Tanaiste Michael McDowell was urged earlier this year to clamp down on the way that overseas property is advertised, amid growing evidence that the risks involved are all too often glossed over. But no action has yet been taken to rein in an industry that remains completely unregulated.
The Hungarian capital, Budapest, is a firm favourite with Irish investors while some of the newer money is finding its way to Thailand's beach resorts.
The political upheavals have put both currencies under pressure leaving Irish investors in a bind.
As the currencies slide, so too will their value of their investments. But the mortgages used to buy them, often secured against their homes, are typically in euro and so remain unchanged.
The week's events should serve as a wake-up call for people piling into property in far-flung places says Brendan Burgess, founder of askaboutmoney. com, an online discussion board dealing with investment issues.
"The further away from home you invest, the riskier it gets, " he says. "I wouldn't have thought of Hungary or Thailand as politically risky but you just never know. It makes you wonder about investing in places like Cape Verde, which most people know nothing about."
Having seen the money than can be made, many people no longer see property as a safe bet but as a sure thing says Frank O'Dwyer, chief executive of the Irish Association of Investment Managers. His organisation, which represents the tightly-regulated fund management industry, has led calls for a crackdown on property advertising and in particular claims about the potential returns on offer.
"When people go overseas, they often pay scant attention to the basics such as their tax and legal position. So it's no surprise that the risk of political stability is ignored completely, " he says.
"While it's not a risk you'd associate with every destination, it is an issue in some places."
Even when the locals are not rioting in the streets and the army stays confined to barracks, the political landscape can still change overnight for investors, O'Dwyer says.
They only have to cast their minds back to the Bacon proposals, which led the government at home to lock investors out of the housing market in the hope that it would help first-time buyers. "Governments regularly use the tax system to achieve public policy goals. We've done it in Ireland and emerging economies will do it too, " he says. "The trouble is that, when you're distant from a market and the market is changing rapidly, you can't stay on top of what's going on."

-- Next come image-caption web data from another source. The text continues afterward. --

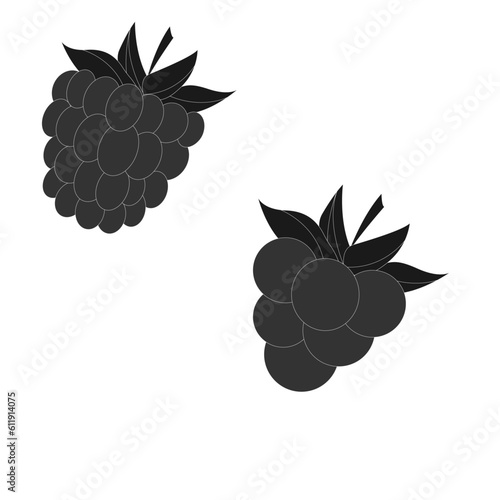 vector graphic. berry mockup.
big blackberry and little blackberry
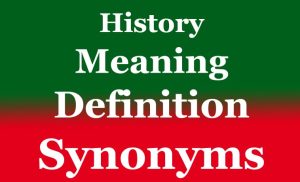 Holistic | Holistic Meaning Definition Synonyms - Menonimus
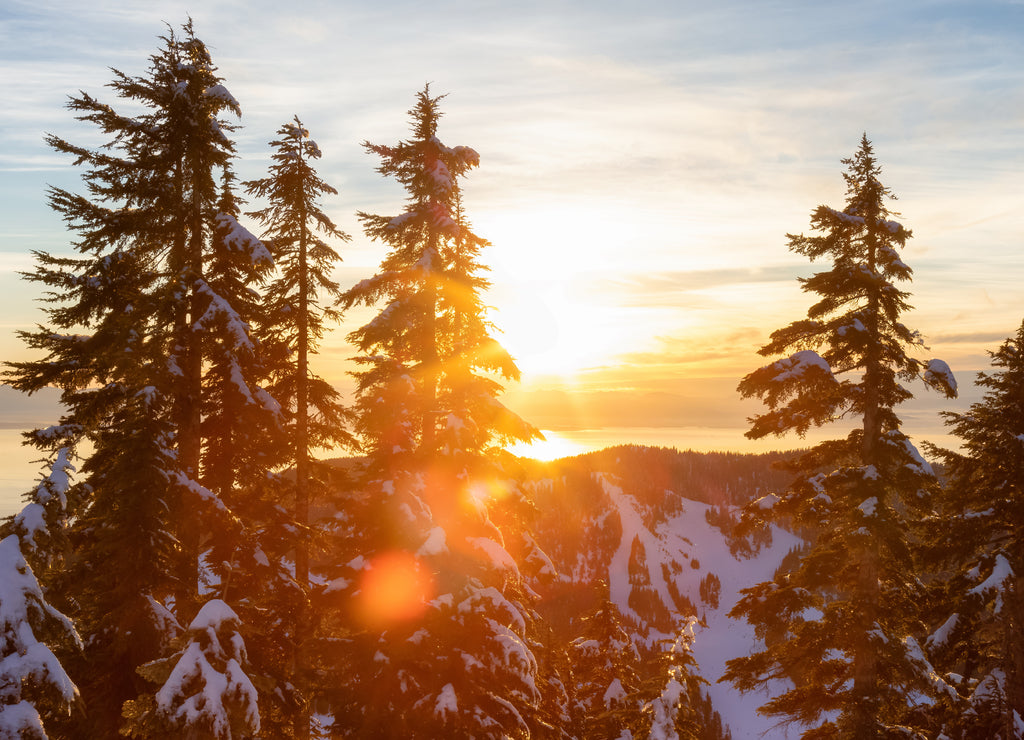 Sunset View from top of Hollyburn Mountain in Winter Season. West Vancouver, British Columbia, Canada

O'Dwyer believes there is something to be learned from the well-heeled investors in commercial property, who tend to keep their money much closer to home. According to Richard Ellis Gunne, two-thirds of Irish investment in European commercial property is in established markets such as France, Germany and the Benelux countries. Only 5% of their money is in emerging countries such as Hungary.
"Private investors seem prepared to take much greater risks in the hope of doubling or trebling their money whereas the more sophisticated investor seems prepared to take lower returns, " he says. "They seem to have a completely different view of what's an acceptable trade off between risk and reward."